Des indices ADN aux listes de gènes fonctionnels
Au cours de la dernière décennie, d’imposantes enquêtes génétiques ont identifié des centaines d’emplacements dans notre ADN associés à la maladie coronarienne, à l’hypertension, aux accidents vasculaires cérébraux et aux anévrismes de l’aorte abdominale. La plupart de ces variations ne se trouvent pas dans les régions codantes des gènes ; elles sont plutôt situées dans des régions régulatrices qui influencent quand et où les gènes sont activés. Cela rend difficile de savoir quels gènes précis sont en cause et comment ils agissent. Les chercheurs ont abordé ce problème en combinant ces larges cartes génétiques avec des mesures détaillées de l’activité génique dans un type cellulaire clé : les cellules musculaires lisses vasculaires, les cellules contractiles qui forment la couche médiane des parois artérielles et contribuent au tonus et à la structure des vaisseaux.
Se concentrer sur les cellules musculaires des vaisseaux
Pour voir comment les variants hérités affectent ces cellules, l’équipe a constitué une grande « biobanque » de cellules musculaires lisses prélevées dans les artères ombilicales de 1 486 nouveau‑nés. Pour chaque échantillon, ils ont séquencé l’ADN sur l’ensemble du génome et mesuré l’activité de milliers de gènes. Cela leur a permis d’identifier des variants qui modifient de façon cohérente l’activité de gènes voisins dans ces cellules.

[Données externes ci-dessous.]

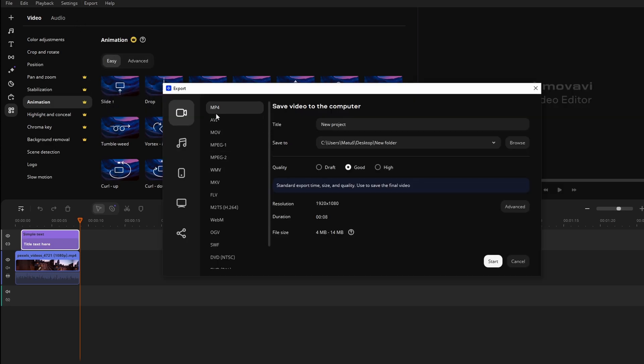Here choose MP4 file. You can change the title of your project.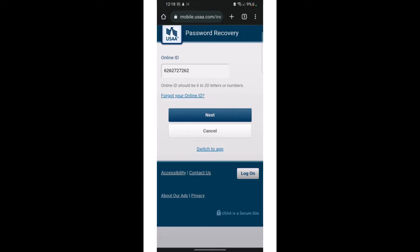After the verification process is done, the bank will reach to you via your email or your phone number or any other methods, and you can successfully recover the password of your bank account of USAA bank.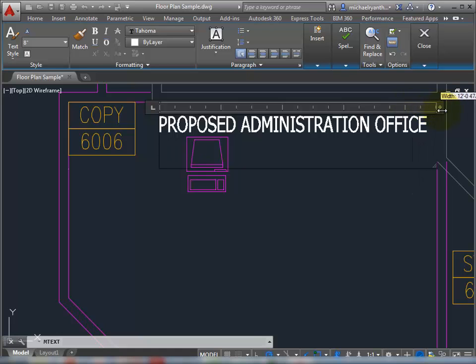And this is a dynamic preview, as you can see. As I move my cursor, notice that I can still see through the background.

Ils ont ensuite vérifié lesquels de ces variants se superposaient aux régions de risque connues pour les maladies vasculaires, en utilisant des outils statistiques qui testent si la même variation d’ADN est probablement à l’origine à la fois de l’altération de l’activité génique et du risque de maladie. Cette approche intégrative a mis en évidence plus de 130 gènes probablement causaux pour la maladie coronarienne, des dizaines pour l’hypertension et l’anévrisme, et un ensemble plus restreint pour l’AVC.

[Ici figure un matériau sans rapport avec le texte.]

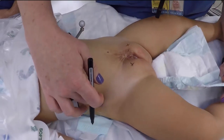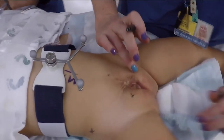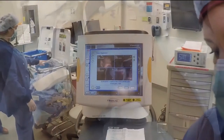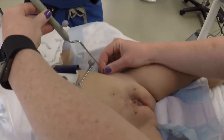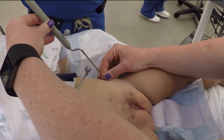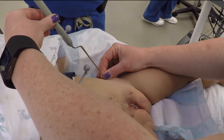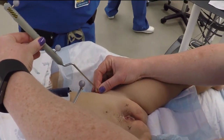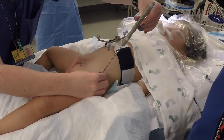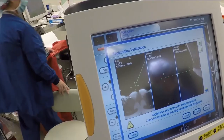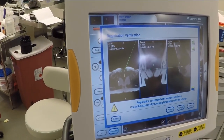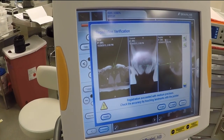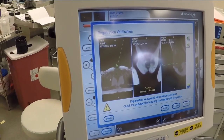Intraoperative registration is performed after preoperative planning with a pediatric radiologist and pediatric urologist utilizing bony anatomic landmarks. A reference array is attached to the patient via a head strap, and the bony anatomic landmarks are pointed out using a stylet. This correlates to the MRI which is loaded on the BrainLab system.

Gènes partagés entre plusieurs maladies
Beaucoup des gènes identifiés étaient déjà suspectés d’intervenir dans la biologie vasculaire, ce qui renforce la fiabilité de la méthode, mais d’autres étaient entièrement nouveaux. En comparant les listes de gènes entre les maladies, les chercheurs ont trouvé 18 gènes « pléiotropes » — des gènes qui semblent influencer plus d’une maladie vasculaire. Ces gènes partagés suggèrent que des défauts communs du comportement des cellules musculaires lisses, tels qu’une croissance excessive, une mobilité accrue ou la perte de leur identité contractile habituelle, contribuent à des affections très différentes, de la poitrine douloureuse aux anévrismes. L’équipe a également consulté des bases de données de médicaments et constaté que plusieurs des gènes probablement causaux, y compris certains des gènes partagés, codent des protéines déjà ciblées par des médicaments existants ou présentent des caractéristiques chimiques exploitables, ouvrant la voie au repositionnement ou au développement de nouvelles thérapeutiques.

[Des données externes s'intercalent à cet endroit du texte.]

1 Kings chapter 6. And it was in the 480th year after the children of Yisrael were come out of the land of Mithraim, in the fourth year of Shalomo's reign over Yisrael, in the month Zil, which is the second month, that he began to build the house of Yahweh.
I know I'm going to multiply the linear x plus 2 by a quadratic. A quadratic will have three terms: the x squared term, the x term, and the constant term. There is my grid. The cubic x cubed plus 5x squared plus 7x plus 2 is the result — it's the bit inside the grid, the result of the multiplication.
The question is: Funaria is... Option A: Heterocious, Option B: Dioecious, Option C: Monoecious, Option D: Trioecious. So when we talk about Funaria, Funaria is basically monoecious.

Suivre un gène clé des cellules aux animaux
L’un des gènes partagés les plus marquants était FES, qui porte des variants liés à la fois à la maladie coronarienne et à l’hypertension. Dans des cellules musculaires lisses cultivées en laboratoire, la diminution de l’expression de FES rendait les cellules plus mobiles et les faisait passer d’un état calme et contractile vers un état plus agressif et remodelant. Cela augmentait aussi la production d’enzymes qui dégradent la matrice de soutien autour des cellules, modifiant ainsi la paroi vasculaire. Chez des souris privées du gène apparenté Fes, les animaux développaient des plaques adipeuses plus importantes dans l’aorte et présentaient une tension artérielle plus élevée que leurs congénères, avec une capacité réduite des vaisseaux à se relâcher. Les données humaines issues de l’UK Biobank ont en outre montré que des variants rares et délétères de FES étaient associés à une pression artérielle plus élevée, à des risques accrus d’hypertension, et à environ le double du risque d’infarctus et d’angine.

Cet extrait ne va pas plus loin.